Interpretive Summary: Normalized crop canopy temperature, termed crop water stress index (CWSI), was proposed over 40 years ago as an irrigation management tool but has experienced limited adopted in production agriculture. Development of generalized crop-specific upper and lower reference temperature is critical for implementation of CWSI-based irrigation scheduling. The objective of this study was to develop and evaluate data driven models for predicting reference canopy temperatures needed to compute CWSI for sugarbeet and wine grape. Reference canopy temperatures for sugarbeet and wine grape were predicted using artificial neural network and regression models developed using measured canopy temperatures of sugarbeet, grown in Idaho and Wyoming, and wine grape, grown in Idaho and Oregon, over 5 years under full and severe deficit irrigation. The neural network models provided excellent prediction of lower reference canopy temperatures for sugarbeet and wine grape. Daily CWSI of sugarbeet as well correlated with irrigation and soil water status at both locations. A quadratic relationship between daily CWSI and midday leaf water potential of Malbec and Syrah wine grape was significant and demonstrated that the methodology developed in this study to compute CWSI could be used to continuously monitor water stress of wine grape.

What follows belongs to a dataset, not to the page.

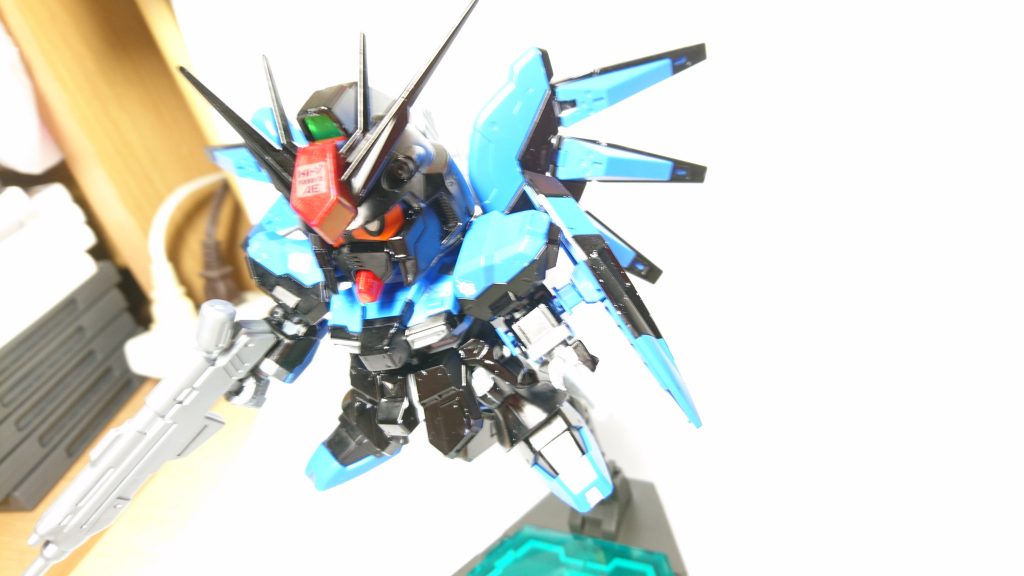 RX-93-V2 Hi-vガンダム IMS(色ムラすごい)–2枚目/制作者：桜木 音嶺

Technical Abstract: Normalized crop canopy temperature, termed crop water stress index (CWSI), was proposed over 40 years ago as an irrigation management tool but has experienced limited adopted in production agriculture. Development of generalized crop-specific upper and lower reference temperature is critical for implementation of CWSI-based irrigation scheduling. The objective of this study was to develop and evaluate data driven models for predicting reference canopy temperatures needed to compute CWSI for sugarbeet and wine grape. Reference canopy temperatures for sugarbeet and wine grape were predicted using machine learning and regression models developed using measured canopy temperatures of sugarbeet, grown in Idaho and Wyoming, and wine grape, grown in Idaho and Oregon, over 5 years under full and severe deficit irrigation. Lower reference temperatures were estimated using neural network models with Nash-Sutcliffe model efficiencies exceeding 0.88 and root mean square error less than 1.1 degree Celsius. The relationship between well-watered canopy temperature minus ambient temperature and vapor pressure deficit was represented by a linear model that maximized the regression coefficient rather than minimized the sum of squared error. The linear models were used to estimate upper reference temperatures nearly double values reported in previous studies. Daily CWSI calculated as the average of 15-min values determined between 13:00 and 16:00 MDT for sugarbeet and 13:00 and 15:00 local time for wine grape was well correlated with irrigation events and amounts. A quadratic relationship between daily CWSI and midday leaf water potential of Malbec and Syrah wine grape was significant (p<0.001) with an R2 of 0.67. The data driven models developed in this study to estimate reference temperatures permit automated calculation of CWSI for effective assessment of crop water stress, however, wet canopy conditions or solar radiation < 200 W m-2 can result in irrational values of CWSI. Automated calculation of CWSI using the methodology of this study would need to check for wet canopy or low solar radiation conditions and omit calculation of CWSI if determined to be probable.